Comparing methods to deposit Pd-In catalysts on hydrogen-permeable hollow-fiber membranes for nitrate reduction

Catalytic hydrogenation of nitrate in water has been studied primarily using nanoparticle slurries with constant hydrogen-gas (H₂) bubbling. Such slurry reactors are impractical in full-scale water treatment applications because 1) unattached catalysts are difficult to be recycled/reused and 2) gas bubbling is inefficient for delivering H₂. Membrane Catalyst-film Reactors (MCfR) resolve these limitations by depositing nanocatalysts on the exterior of gas-permeable hollow-fiber membranes that deliver H₂ directly to the catalyst-film.

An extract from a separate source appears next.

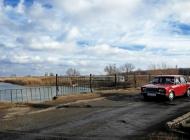 Вільне з panoramio.com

The goal of this study was to compare the technical feasibility and benefits of various methods for attaching bimetallic palladium/indium (Pd/In) nanocatalysts for nitrate reduction in water, and subsequently select the most effective method. Four Pd/In deposition methods were evaluated for effectiveness in achieving durable nanocatalyst immobilization on the membranes and repeatable nitrate-reduction activity: (1) In-Situ MCfR-H₂, (2) In-Situ Flask-Synthesis, (3) Ex-Situ Aerosol Impaction-Driven Assembly, and (4) Ex-Situ Electrostatic. Although all four deposition methods achieved catalyst-films that reduced nitrate in solution (≥ 1.1 min⁻¹gPd⁻¹), three deposition methods resulted in significant palladium loss (>29%) and an accompanying decline in nitrate reactivity over time. In contrast, the In-Situ MCfR-H₂ deposition method had negligible Pd loss and remained active for nitrate reduction over multiple operational cycles. Therefore, In-Situ MCfR-H₂ emerged as the superior deposition method and can be utilized to optimize catalyst attachment, nitrate-reduction, and N₂ selectivity in future studies with more complex water matrices, longer treatment cycles, and larger reactors.